Caption-style text data:
· · · · ·

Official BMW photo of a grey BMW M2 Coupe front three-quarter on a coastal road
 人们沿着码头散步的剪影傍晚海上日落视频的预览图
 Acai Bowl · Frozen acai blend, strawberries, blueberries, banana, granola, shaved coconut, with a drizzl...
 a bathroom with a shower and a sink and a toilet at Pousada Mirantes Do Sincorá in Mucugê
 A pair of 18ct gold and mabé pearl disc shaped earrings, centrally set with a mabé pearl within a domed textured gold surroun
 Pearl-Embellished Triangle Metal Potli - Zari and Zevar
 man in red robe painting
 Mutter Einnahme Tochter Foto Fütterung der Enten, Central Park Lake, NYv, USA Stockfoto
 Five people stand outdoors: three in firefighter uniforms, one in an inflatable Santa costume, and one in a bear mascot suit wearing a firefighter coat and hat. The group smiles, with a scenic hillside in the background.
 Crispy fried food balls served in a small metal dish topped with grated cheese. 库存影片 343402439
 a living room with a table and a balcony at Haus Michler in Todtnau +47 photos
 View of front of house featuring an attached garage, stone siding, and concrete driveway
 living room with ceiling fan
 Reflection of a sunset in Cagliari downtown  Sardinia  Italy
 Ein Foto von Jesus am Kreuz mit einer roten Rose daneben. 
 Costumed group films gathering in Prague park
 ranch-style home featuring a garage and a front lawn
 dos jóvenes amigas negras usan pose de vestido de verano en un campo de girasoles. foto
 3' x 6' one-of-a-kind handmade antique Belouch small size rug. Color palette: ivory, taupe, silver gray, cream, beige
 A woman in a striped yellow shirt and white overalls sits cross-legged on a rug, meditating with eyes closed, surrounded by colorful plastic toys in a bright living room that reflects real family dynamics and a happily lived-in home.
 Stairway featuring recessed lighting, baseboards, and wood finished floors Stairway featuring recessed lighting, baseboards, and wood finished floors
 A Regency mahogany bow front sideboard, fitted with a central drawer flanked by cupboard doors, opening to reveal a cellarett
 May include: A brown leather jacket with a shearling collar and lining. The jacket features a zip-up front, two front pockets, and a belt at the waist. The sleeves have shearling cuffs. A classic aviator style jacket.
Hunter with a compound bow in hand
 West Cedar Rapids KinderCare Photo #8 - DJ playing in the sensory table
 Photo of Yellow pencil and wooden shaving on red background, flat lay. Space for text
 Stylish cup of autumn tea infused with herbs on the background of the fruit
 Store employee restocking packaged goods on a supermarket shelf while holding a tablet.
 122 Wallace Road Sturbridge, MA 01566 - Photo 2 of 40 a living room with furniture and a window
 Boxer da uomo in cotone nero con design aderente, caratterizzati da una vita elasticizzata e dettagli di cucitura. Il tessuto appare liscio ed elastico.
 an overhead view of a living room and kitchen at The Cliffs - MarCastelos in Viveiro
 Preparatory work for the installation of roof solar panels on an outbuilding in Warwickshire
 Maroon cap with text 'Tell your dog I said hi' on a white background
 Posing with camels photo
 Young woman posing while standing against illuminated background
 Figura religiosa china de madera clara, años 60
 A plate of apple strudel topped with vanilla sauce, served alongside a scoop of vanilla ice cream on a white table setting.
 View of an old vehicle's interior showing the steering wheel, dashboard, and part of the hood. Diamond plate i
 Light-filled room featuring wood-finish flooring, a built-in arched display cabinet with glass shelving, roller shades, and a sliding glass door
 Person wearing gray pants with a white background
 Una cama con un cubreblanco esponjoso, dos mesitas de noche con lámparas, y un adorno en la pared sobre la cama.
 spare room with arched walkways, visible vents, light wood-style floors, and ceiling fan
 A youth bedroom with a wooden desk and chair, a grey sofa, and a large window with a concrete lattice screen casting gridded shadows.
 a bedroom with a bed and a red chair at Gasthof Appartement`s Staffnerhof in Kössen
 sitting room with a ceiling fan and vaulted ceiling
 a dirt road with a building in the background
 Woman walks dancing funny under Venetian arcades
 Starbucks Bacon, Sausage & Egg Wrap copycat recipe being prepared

· · · · ·

EXERCISE: Set down exactly the lines of the data above, beginning with the line that has "122 Wallace Road" and ending with the line that has "spare room with", and no others.

ANSWER AREA:
 122 Wallace Road Sturbridge, MA 01566 - Photo 2 of 40 a living room with furniture and a window
 Boxer da uomo in cotone nero con design aderente, caratterizzati da una vita elasticizzata e dettagli di cucitura. Il tessuto appare liscio ed elastico.
 an overhead view of a living room and kitchen at The Cliffs - MarCastelos in Viveiro
 Preparatory work for the installation of roof solar panels on an outbuilding in Warwickshire
 Maroon cap with text 'Tell your dog I said hi' on a white background
 Posing with camels photo
 Young woman posing while standing against illuminated background
 Figura religiosa china de madera clara, años 60
 A plate of apple strudel topped with vanilla sauce, served alongside a scoop of vanilla ice cream on a white table setting.
 View of an old vehicle's interior showing the steering wheel, dashboard, and part of the hood. Diamond plate i
 Light-filled room featuring wood-finish flooring, a built-in arched display cabinet with glass shelving, roller shades, and a sliding glass door
 Person wearing gray pants with a white background
 Una cama con un cubreblanco esponjoso, dos mesitas de noche con lámparas, y un adorno en la pared sobre la cama.
 spare room with arched walkways, visible vents, light wood-style floors, and ceiling fan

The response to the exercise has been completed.